His eyes lifted; I met them without flinching. “You would, wouldn’t you?”
“If it comes to that.”
Instead of shaking my hand, he pulled me into his arms. “Thank you.”
“God, you’re weird.” My words were muffled against his chest. “Now let me go. I’ve gotta clean up and get to town hall.”
He held on for a few more seconds, then kissed me—gentle and sweet. My stomach turned over.
I loved him, too.
But now was not the time to tell him. He was already wigged-out enough. Later, when we’d killed this thing, had a victory under our belts, then I’d let him know. Then we’d decide what, if anything, we’d do about it.
I went down the hall to the bathroom, where I washed and got dressed. What would we do about it?
Could I spend my life with a man who was fighting things that existed merely to kill him and anyone else who got in their path? Eventually Ian’s luck would run out. Could I go into a relationship knowing he’d leave me, just like everyone else I’d loved in my life had left?
I wanted a family, but I wanted the whole package— husband, kids, a real home. With Ian, I could never have those things in the way that I’d dreamed. But now that I loved him, would having them with anyone else be any closer to that dream?
I’d always wanted to find a man who stayed, but Ian wouldn’t; he couldn’t.
Before I left, I went in search of Ian and found him at his desk, already engrossed in my great-grandmother’s papers. I slid my arms around him and kissed his neck. Absently he patted my arm.
“I’ll be back soon.”
“Mmm.”
Why did I find his distraction cute? Whenever my father ignored me, patted me, murmured nonsense since he wasn’t listening to me, I’d wanted to lash out with words or kick him in the shin. As a child, I often had. Which might just explain why he’d always done his best to avoid me.
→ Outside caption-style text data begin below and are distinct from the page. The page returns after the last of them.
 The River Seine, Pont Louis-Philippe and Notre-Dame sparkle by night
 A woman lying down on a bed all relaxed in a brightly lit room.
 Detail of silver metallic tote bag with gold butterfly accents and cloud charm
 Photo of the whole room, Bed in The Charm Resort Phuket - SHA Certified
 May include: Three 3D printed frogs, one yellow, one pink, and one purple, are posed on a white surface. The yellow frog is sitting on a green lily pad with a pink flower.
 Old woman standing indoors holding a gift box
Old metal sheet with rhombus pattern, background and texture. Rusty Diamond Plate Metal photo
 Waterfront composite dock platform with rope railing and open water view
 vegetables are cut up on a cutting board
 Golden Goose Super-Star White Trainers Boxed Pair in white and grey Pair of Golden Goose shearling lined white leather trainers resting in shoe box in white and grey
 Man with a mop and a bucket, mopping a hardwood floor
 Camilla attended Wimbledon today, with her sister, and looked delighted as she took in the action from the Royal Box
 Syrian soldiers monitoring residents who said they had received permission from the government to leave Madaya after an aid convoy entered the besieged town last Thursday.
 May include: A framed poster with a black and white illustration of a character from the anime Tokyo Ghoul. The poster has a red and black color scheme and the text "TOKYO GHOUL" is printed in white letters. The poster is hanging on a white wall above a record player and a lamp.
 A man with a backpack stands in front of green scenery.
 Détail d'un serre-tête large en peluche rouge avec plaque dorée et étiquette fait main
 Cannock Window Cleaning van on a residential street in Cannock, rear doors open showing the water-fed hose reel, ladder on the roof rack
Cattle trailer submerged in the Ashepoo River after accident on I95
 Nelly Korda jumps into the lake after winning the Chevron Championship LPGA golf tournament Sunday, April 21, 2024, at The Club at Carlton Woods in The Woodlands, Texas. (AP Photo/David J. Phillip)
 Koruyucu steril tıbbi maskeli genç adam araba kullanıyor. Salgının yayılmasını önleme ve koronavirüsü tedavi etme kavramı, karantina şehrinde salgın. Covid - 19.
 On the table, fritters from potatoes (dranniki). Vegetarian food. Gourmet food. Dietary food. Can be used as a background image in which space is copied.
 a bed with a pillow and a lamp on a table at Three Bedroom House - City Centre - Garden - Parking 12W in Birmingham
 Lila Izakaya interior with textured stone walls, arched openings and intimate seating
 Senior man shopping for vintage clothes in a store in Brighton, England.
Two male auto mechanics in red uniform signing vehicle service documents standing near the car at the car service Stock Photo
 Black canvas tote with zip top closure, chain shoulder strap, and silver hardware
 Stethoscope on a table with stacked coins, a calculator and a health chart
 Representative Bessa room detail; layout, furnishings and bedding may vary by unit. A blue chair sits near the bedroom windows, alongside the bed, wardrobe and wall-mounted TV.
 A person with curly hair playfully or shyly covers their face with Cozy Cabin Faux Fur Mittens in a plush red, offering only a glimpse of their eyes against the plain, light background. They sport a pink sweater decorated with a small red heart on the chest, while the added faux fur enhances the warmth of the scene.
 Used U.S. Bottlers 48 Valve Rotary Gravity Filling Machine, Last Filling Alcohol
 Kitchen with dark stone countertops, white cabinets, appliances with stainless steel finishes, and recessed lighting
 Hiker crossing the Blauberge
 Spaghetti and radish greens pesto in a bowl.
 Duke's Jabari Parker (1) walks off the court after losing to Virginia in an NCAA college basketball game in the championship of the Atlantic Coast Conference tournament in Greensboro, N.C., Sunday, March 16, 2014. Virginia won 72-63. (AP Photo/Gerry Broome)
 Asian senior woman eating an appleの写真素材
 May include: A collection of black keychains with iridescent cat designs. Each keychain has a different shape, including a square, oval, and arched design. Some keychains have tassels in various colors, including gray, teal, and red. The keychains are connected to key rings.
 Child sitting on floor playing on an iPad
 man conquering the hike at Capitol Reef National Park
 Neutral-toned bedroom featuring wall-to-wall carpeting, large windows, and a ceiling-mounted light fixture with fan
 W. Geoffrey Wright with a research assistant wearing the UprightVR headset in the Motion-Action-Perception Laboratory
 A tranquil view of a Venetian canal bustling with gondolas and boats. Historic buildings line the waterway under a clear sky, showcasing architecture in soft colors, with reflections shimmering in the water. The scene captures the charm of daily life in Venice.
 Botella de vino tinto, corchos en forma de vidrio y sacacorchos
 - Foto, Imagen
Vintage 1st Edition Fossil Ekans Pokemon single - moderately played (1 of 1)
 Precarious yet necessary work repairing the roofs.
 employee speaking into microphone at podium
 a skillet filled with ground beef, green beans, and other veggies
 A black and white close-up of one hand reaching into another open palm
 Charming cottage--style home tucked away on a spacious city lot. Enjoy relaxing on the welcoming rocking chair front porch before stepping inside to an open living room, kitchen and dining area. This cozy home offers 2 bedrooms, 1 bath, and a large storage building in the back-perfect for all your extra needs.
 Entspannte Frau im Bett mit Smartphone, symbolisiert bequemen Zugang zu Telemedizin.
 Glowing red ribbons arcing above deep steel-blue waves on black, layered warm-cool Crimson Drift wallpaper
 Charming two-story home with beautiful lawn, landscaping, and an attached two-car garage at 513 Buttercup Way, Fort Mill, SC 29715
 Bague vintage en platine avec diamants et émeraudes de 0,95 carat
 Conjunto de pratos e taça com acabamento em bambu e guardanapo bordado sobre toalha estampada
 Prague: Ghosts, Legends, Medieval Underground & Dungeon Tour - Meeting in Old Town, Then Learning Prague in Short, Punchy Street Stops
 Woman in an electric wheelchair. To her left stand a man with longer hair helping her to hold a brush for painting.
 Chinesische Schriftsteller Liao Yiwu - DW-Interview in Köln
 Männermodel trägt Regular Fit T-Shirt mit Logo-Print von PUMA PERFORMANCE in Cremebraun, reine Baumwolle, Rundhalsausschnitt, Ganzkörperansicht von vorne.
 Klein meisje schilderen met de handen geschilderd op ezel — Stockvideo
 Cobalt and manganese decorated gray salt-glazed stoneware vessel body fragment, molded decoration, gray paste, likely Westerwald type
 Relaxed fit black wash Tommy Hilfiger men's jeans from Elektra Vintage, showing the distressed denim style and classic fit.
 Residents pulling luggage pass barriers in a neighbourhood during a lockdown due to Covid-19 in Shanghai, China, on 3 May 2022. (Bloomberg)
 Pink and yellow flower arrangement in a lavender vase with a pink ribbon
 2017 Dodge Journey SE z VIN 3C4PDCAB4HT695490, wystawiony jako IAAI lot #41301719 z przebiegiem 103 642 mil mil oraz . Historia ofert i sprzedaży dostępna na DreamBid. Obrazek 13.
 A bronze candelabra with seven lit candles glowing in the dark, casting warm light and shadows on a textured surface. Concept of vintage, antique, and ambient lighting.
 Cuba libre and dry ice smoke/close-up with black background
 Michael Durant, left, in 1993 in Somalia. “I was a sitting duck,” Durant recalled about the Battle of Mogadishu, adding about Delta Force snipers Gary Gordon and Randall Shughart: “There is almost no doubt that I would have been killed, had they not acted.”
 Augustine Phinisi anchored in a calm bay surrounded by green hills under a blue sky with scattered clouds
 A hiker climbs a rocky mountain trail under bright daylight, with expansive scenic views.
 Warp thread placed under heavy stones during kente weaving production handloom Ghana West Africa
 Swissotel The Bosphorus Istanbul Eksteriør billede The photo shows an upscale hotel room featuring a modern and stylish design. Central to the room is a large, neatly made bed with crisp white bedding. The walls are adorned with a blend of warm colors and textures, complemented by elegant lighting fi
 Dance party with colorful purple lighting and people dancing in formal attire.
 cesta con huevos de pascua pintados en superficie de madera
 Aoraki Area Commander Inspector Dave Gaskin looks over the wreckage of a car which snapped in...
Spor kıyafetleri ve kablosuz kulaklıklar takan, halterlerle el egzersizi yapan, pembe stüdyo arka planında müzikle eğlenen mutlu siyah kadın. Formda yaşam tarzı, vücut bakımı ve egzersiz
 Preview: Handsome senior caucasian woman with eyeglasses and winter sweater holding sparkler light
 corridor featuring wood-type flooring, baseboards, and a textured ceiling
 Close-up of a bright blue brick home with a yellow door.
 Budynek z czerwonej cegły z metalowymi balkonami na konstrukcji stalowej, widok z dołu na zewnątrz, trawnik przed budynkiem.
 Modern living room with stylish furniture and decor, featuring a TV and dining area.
I stepped out of the clinic into the bright sun and heavy heat of a Georgia afternoon. Leaving my pickup where it was, I turned toward town hall and froze at the sight of the wolf on the sidewalk.
I couldn’t see the cement through her body. The light summer wind ruffled the beast’s fur. The thing appeared pretty corporeal to me. I started to worry that this one was actually a wolf when a pair of tourists walked right through it.
The wolf growled. The couple paused, frowned, and the woman shivered. “Goose walked over my grave,” she said.
I knew what that was like.
They smiled and nodded in my direction but didn’t mention seeing any wolf or hearing the disembodied growling. I waited until they were out of earshot before I asked, “What now?”
The wolf promptly turned north, ran a few paces, then stopped and waited, tongue lolling.
“Trouble again?” I glanced at the clinic. “Ian is trouble? Or is trouble coming? Maybe from the north?”
The animal shimmered and disappeared.
“I hate messenger wolves.” I scuffed my shoe against the cement. “They’re too damn vague.”
I continued north to town hall, entering the cavernous confines and heading directly to the basement.
When we were kids, Claire had always avoided this place. As I descended the dark, dank cement staircase, I understood why. Back then, the lower level had probably been full of cobwebs and mice.
Someone had cleaned up recently. The only cobwebs occupied a high corner near a ceiling full of old pipes. I listened for the scrambling of rodents, but all I heard was a distant humming.